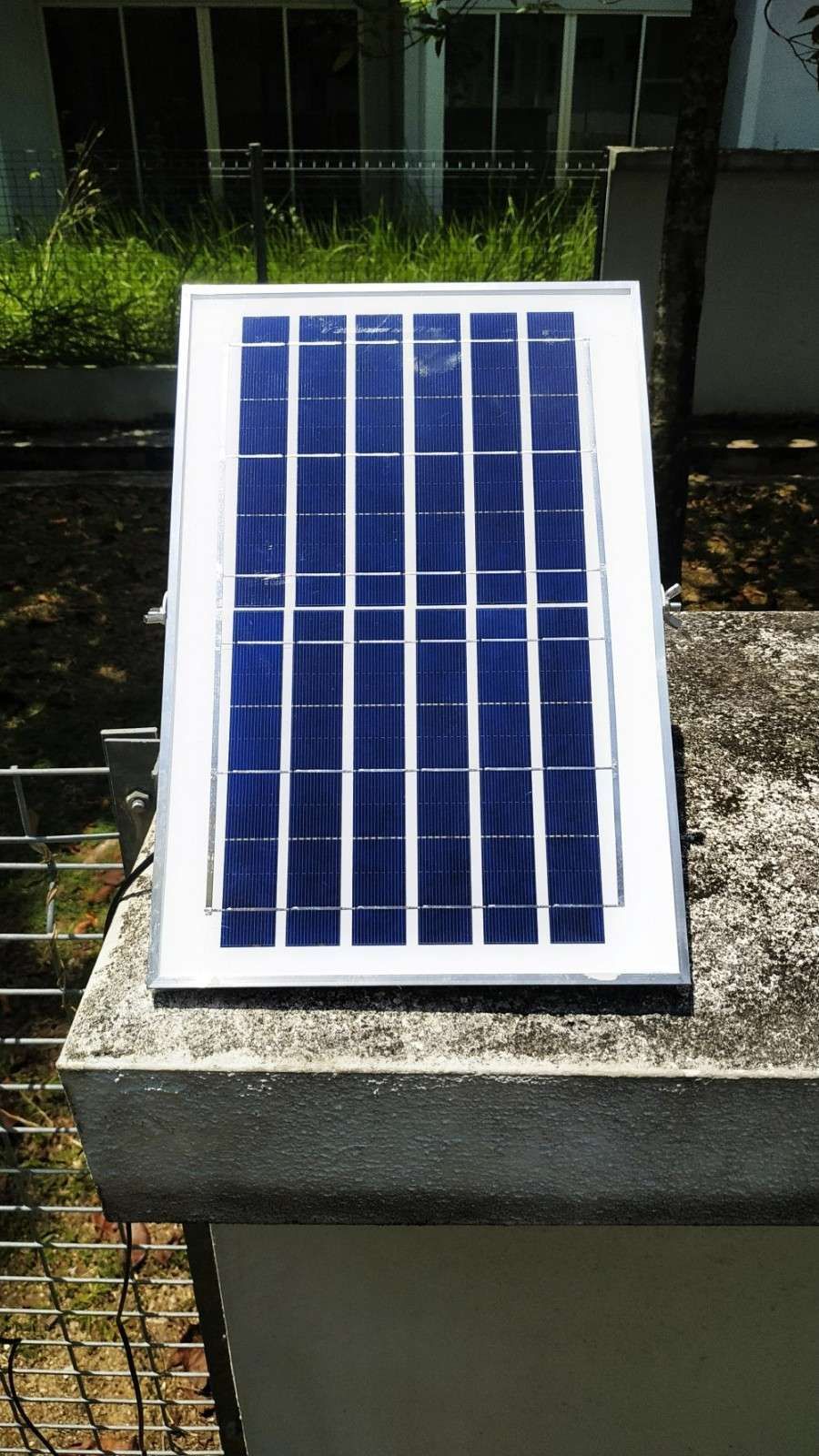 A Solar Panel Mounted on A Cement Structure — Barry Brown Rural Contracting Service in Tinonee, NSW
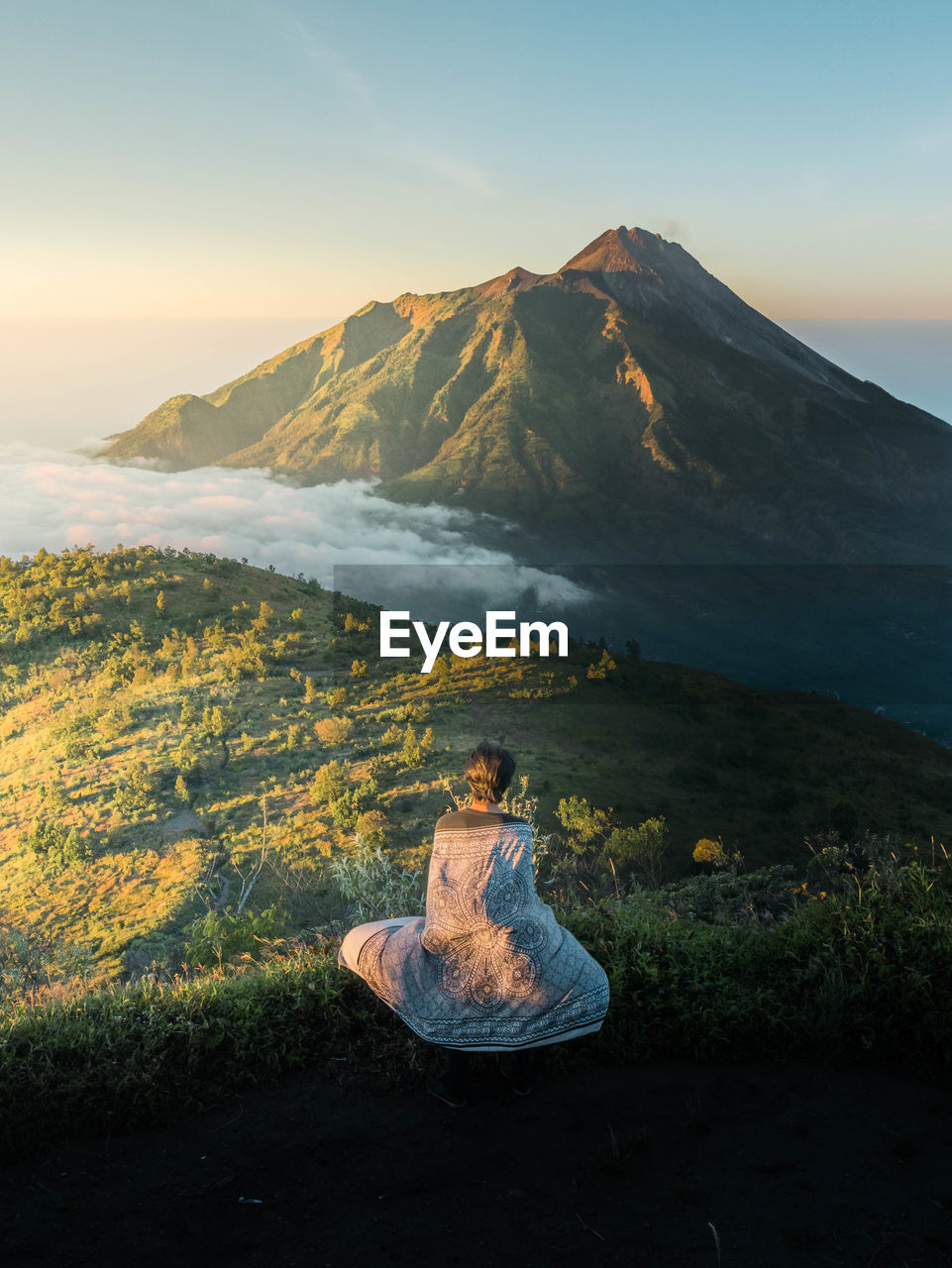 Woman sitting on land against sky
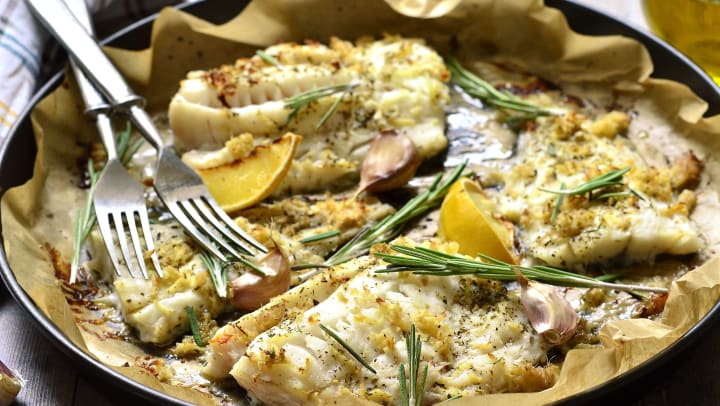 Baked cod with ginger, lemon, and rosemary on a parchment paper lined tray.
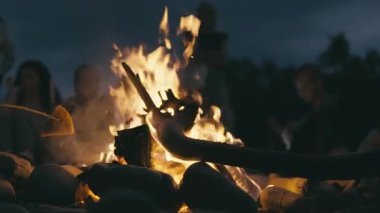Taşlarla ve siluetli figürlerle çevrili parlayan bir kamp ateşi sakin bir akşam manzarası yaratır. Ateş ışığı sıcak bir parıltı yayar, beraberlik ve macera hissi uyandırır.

▶ **Task objective**:
Could you print the whole listing again, exactly, leaving the pictures out?

▶ **Expected answer**:
 A Solar Panel Mounted on A Cement Structure — Barry Brown Rural Contracting Service in Tinonee, NSW
 Woman sitting on land against sky
 Baked cod with ginger, lemon, and rosemary on a parchment paper lined tray.
Taşlarla ve siluetli figürlerle çevrili parlayan bir kamp ateşi sakin bir akşam manzarası yaratır. Ateş ışığı sıcak bir parıltı yayar, beraberlik ve macera hissi uyandırır.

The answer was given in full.